The process of how Hwang became a potter is a long story. She grew up in a potter family, both her father and brother being potters. Naturally, Hwang became interested in pottery as she grew up playing with clay. However, pottery was not her first career choice. In fact, she initially majored in Painting at Ewha.
“The reason why I majored in western painting was simply because I was talented at it,” Hwang said. “When I went to see a waterfall, I started drawing the scenery right away. It came to me quite easily and naturally.”
After graduating from college, Hwang worked as an art teacher. However, at the age of 32, she entered the pottery department in Ewha graduate school to restore the tradition of Korean pottery. Around that time, pottery was abandoned in Korea. As the descendent of a potter family, she could not just sit on her hands and watch it happen.
Moreover, her older brother played a major role in making her start her career in pottery. Thanks to his excellent skills as a potter, he was offered a position as a professor several times by Ewha. However, he refused at first.
“As an artist who knows how magnificent his talent is, I could not let him miss such a great opportunity,” Hwang recalled. “Thus, to persuade him to become a professor, I decided to become a student of the pottery department which had a strong effect in changing his mind.”
Although most people would agree that 32 is too old to start a new career, Hwang did not experience much difficulty. After she learned the techniques, it was easy for her to develop her skills.
“The western painting I learned in college helped a lot,” Hwang said. “The western style became a base of my pottery designs.”
Of course, there are differences between western painting and pottery. Western painting is like a scene on a flat surface with a variety of colors, whereas pottery is a vivid three-dimensional piece. Hwang combined this western style with Korean-style pottery.

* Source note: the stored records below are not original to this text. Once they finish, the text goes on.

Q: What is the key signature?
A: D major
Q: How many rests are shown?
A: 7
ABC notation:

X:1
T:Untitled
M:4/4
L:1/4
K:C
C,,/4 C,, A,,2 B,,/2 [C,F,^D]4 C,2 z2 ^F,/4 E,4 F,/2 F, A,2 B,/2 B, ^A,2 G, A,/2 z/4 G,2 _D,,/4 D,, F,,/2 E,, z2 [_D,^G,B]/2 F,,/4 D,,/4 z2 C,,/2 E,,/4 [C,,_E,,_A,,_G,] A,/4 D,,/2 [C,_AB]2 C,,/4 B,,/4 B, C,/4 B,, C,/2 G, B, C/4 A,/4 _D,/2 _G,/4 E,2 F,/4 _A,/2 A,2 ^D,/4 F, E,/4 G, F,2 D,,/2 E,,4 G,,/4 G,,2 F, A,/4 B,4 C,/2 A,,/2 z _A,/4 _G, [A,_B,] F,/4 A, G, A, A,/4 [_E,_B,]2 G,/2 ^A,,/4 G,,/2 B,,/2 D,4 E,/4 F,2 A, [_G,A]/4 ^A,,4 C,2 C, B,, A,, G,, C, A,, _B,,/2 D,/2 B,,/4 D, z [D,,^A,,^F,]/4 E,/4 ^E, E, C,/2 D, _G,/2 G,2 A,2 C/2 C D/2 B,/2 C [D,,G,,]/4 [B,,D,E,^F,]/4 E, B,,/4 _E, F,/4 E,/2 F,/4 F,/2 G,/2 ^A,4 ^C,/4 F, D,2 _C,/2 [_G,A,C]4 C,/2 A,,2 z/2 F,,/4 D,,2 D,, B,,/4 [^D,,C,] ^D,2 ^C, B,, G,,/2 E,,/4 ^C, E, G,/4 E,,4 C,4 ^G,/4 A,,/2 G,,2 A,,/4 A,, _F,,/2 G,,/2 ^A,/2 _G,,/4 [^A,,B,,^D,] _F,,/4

Hwang’s most outstanding work is seen in the traditional Korean-style pottery technique called “Gwiyal.” This style leaves a light touch of a brush on pottery in a natural way. It was not widely known but Hwang found this technique by reading many books.
Hwang’s discovery drew the attention of the world. With a technique that had never been tried in other countries, she raised the status of Korean pottery.
“I opened my own exhibitions in numerous countries such as Japan and the United States, showing the distinctive beauty of Korean pottery,” she said. “Many people were surprised at the beauty of Gwiyal and started to recognize the elegance of Korean pottery.”
When asked about the most memorable piece of pottery she made, she hesitated to choose one.
“For me, every single piece is precious,” Hwang said. “Each one has its own story and charm.”
Another special feat of Hwang’s is the establishment of the first pottery laboratory in Korea.
“I needed a place where I could work with a kiln, which is why I chose to build it at the foot of the mountain.” Hwang said. “Also,the main entrance of the laboratory should face south, which is an ideal arrangement according to a Korean traditional idea of topography.”
It seems that it had a positive effect as many foreigners come from afar to personally see her pieces in her laboratory.
Despite her remarkable achievements, Hwang still worries about domestic pottery because its uniqueness and high quality is treated poorly in Korea.
“Compared to potteries of other Eastern Asian countries, Korean pottery is much bolder, making it globally competitive,” Hwang emphasized. “Unfortunately, compared to Japan where they treat potteries as valuable arts, Korea is not respecting it as much.”
Hwang added a final comment for future generations.
“You have to keep history, uniqueness, and the authentic Korean style that other countries do not have in pottery,” Hwang said. “Moreover, the form of pottery changes as times goes. Thus, it is important that we reflect the trends of the times as well as preserving our traditions.”